But, we can also keep that last item in another variable:

In [30]:
last_person = names.pop()
print names
print last_person

['alice', 'bob', 'mike', 'eve', 'bob']
bill


remove() will remove the 1st occurance of the argument we give it. Notice that alice and mike are now next to each other and the last bob is still in the list

In [31]:
names.remove('bob')
names

['alice', 'mike', 'eve', 'bob']

reverse() does pretty much what you'd expect it to

In [32]:
names.reverse()
names

['bob', 'eve', 'mike', 'alice']

As does sort()

In [33]:
names.sort()
names

['alice', 'bob', 'eve', 'mike']

## Interlude: Index notation

Before we move on to our discussion of tuples I'd like to discuss a common way to select items from objects. If we know the index of an item we can select it like this:

In [34]:
print names

['alice', 'bob', 'eve', 'mike']


In [35]:
print names[0]

alice


But this will work for other types as well 

In [36]:
'alice'[3]

'c'

## Tuples

Tuples a bit like lists but have some very important differences. First let's take a look at how they are similar:

- ordered
- series of things seperated by commas
- can be of any length
- can be a mix of any type of things

It'll be easier to show thier differences through example. Normally we use parentheses () to show a tuple, but in reality any object folowed by a comma is a tuple.

In [37]:
a = 1,
b = 'two',
c = 3.0,
print type(a)
print type(b)
print type(c)

<type 'tuple'>
<type 'tuple'>
<type 'tuple'>


But python will add the parentheses for us

In [38]:
print a, b, c

(1,) ('two',) (3.0,)


Probably the most important difference between a list and a tuple has to do with 'immutability.' Let's take a look at an example:

In [39]:
names = ['alice', 'bob']
people = ('alice', 'bob')
print names
print people

['alice', 'bob']
('alice', 'bob')


So far, not much difference. But lets say that we wanted to get rid of bob and replace him with eve. 

In [40]:
names[1] = 'eve'
names

['alice', 'eve']

In [41]:
people[1] = 'eve'

TypeError: 'tuple' object does not support item assignment

Uh-oh python has told us that the tuple does not allow us to 'mute' an item in the tuple the way we can with a list. In other words lists are mutable, tuples are immutable.

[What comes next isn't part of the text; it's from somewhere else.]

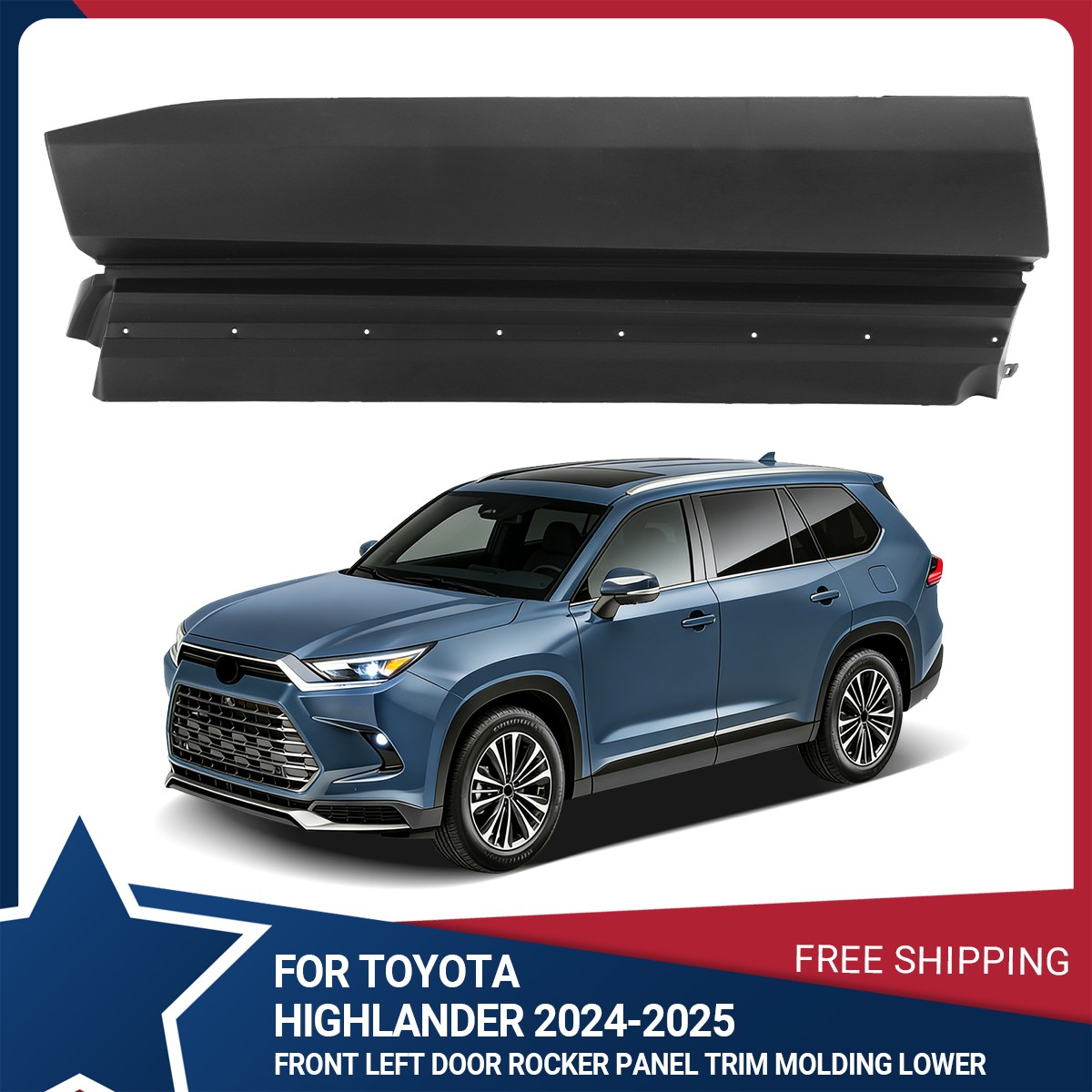 Rear Front Left Right Door Lower Molding Trim For 2024-2025 Toyota Highlander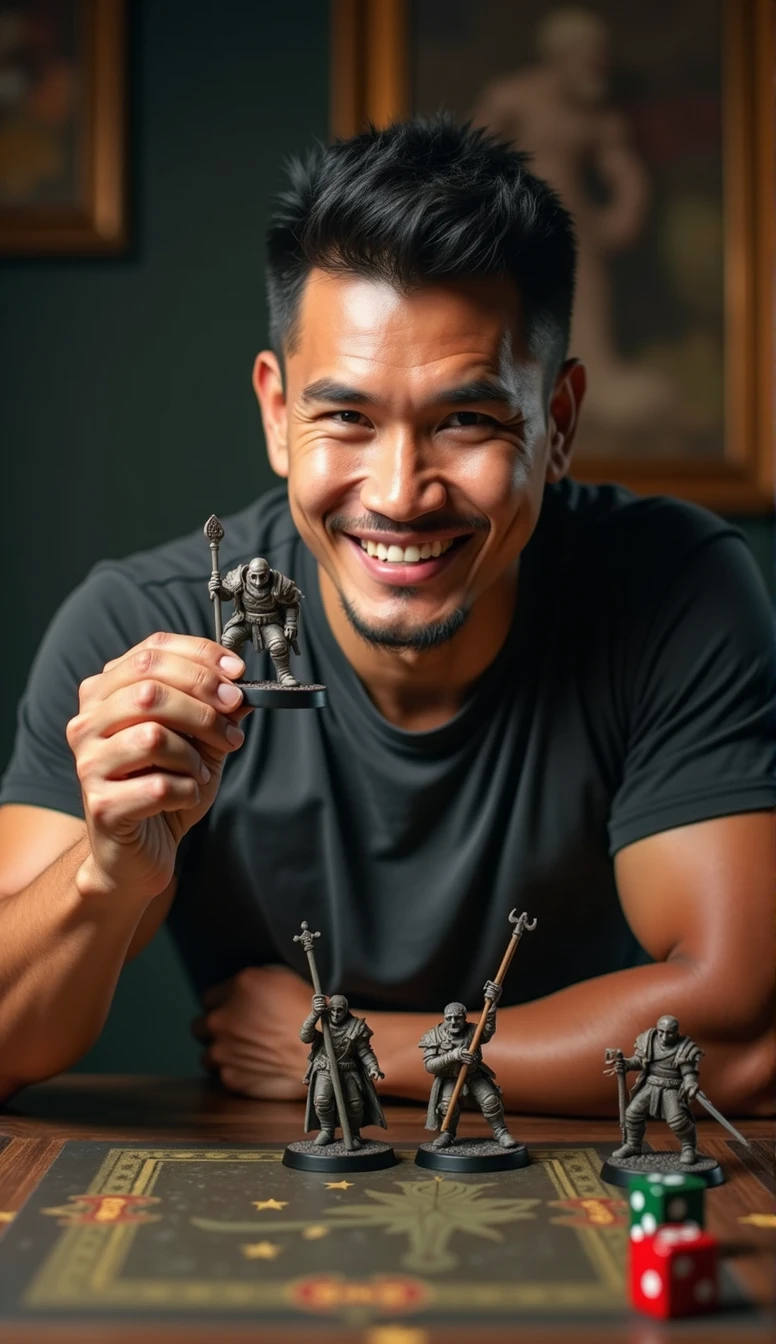 photorealistic, best quality, masterpiece, extremely detailed, front view, extremely handsome, 30 year old borneo man, round face, muscular bodybuilder, clean-shaven face, wearing rockband tshirt, holds up high a warhammer miniature and looks at it closely, smile, two d6 dice and well-painted warhammer miniatures mid-game on the table, extremely romantic atmosphere, perfect face, perfect fingers, perfect hands, perfection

Let's see what methods we have available to us for tuples:

In [42]:
for i in dir(()):
    if not i.startswith('_'):
        print i

count
index


As a result of the immutability of tuples we don't have many built in methods.

## Dictionaries

So the data types we've seen so far are great for collections of things but there are times where we have pieces of information that are related in some way and we'd like to keep track of those relationships.

Let's start off with an example:

In [43]:
eng_to_spn = {'one': 'uno', 'two': 'dos', 'three': 'tres'}
eng_to_spn

{'one': 'uno', 'three': 'tres', 'two': 'dos'}

Here we have a relationship between pairs of strings, each pair is seperated by a ':' The object to the left of the ':' is called the **key** and that thing we will use to select a relationship from the dictionary. The object to the right of the ':' is the **value**. 

So we have a relationship that can be described as english numbers : spanish numbers

The whole collection of these pairs is the dictionary. We represent dictionaries in python with curly brackets {}

Let's try picking out some data from the dictionary:

In [44]:
eng_to_spn['one']

'uno'

Good, when I use a key to select from the dictionary I get the value associated with that key as a response. Let's try another way:

In [45]:
eng_to_spn[0]

KeyError: 0

An important thing to note about dictionaries is that while they are similar to lists and tuples they are **unordered** and because of that we can't select the *first* item using the 0 index like we could with a list or tuple.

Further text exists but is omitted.